DATASET SECTION:
========

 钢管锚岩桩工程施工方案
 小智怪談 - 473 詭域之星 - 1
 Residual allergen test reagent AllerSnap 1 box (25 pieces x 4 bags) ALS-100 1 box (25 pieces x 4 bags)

========

WHAT YOU WILL DO: Output, and output only, the lines from the one containing "小智怪談 - 473 詭域之星 - 1" through the last line of the data above.

TASK SOLUTION:
 小智怪談 - 473 詭域之星 - 1
 Residual allergen test reagent AllerSnap 1 box (25 pieces x 4 bags) ALS-100 1 box (25 pieces x 4 bags)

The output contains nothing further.